The task
Retype each line of the material below word for word; pictures stay out.

***** Data segment *****

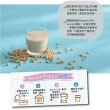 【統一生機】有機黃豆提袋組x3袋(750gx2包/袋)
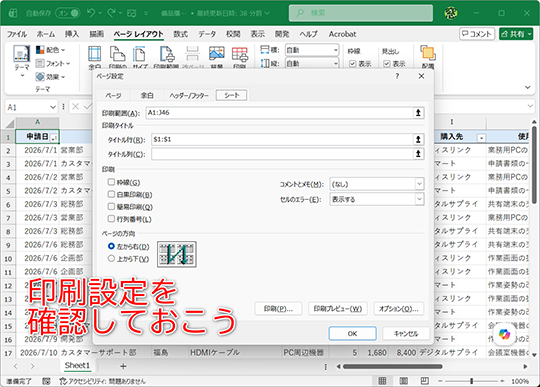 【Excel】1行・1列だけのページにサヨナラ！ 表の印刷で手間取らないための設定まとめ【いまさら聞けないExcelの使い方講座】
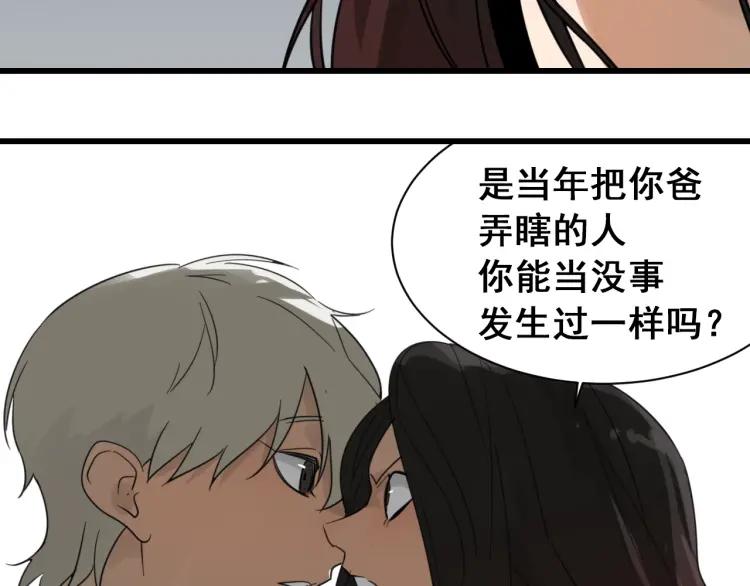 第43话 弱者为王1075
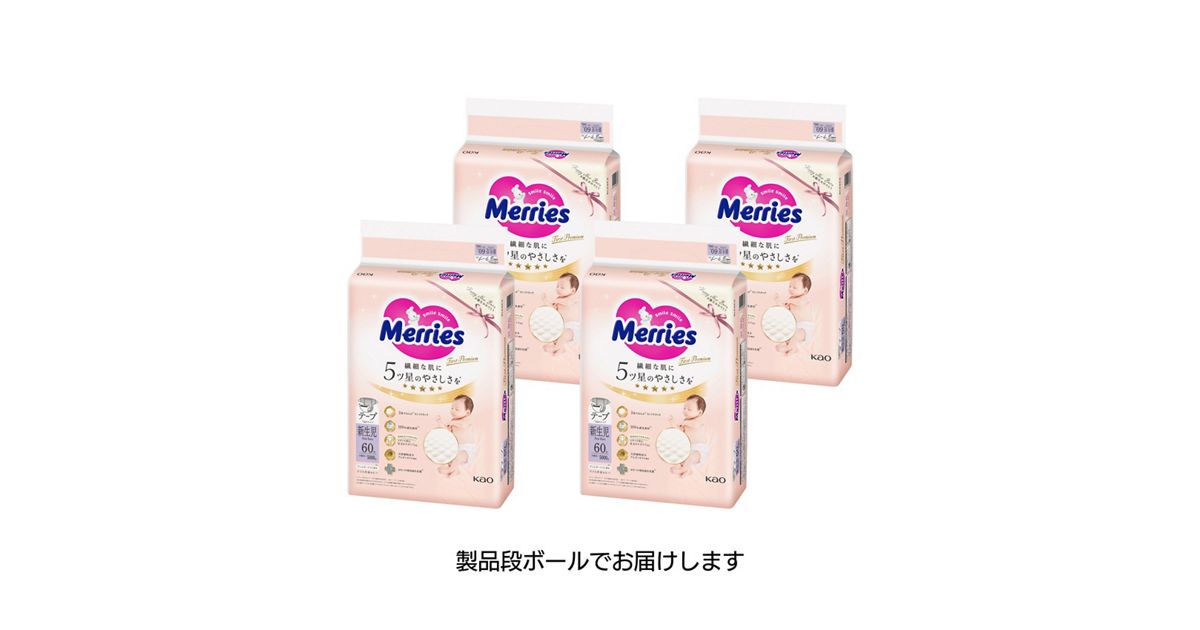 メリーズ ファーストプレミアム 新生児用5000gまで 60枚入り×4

*****

Exercise response
 【統一生機】有機黃豆提袋組x3袋(750gx2包/袋)
 【Excel】1行・1列だけのページにサヨナラ！ 表の印刷で手間取らないための設定まとめ【いまさら聞けないExcelの使い方講座】
 第43话 弱者为王1075
 メリーズ ファーストプレミアム 新生児用5000gまで 60枚入り×4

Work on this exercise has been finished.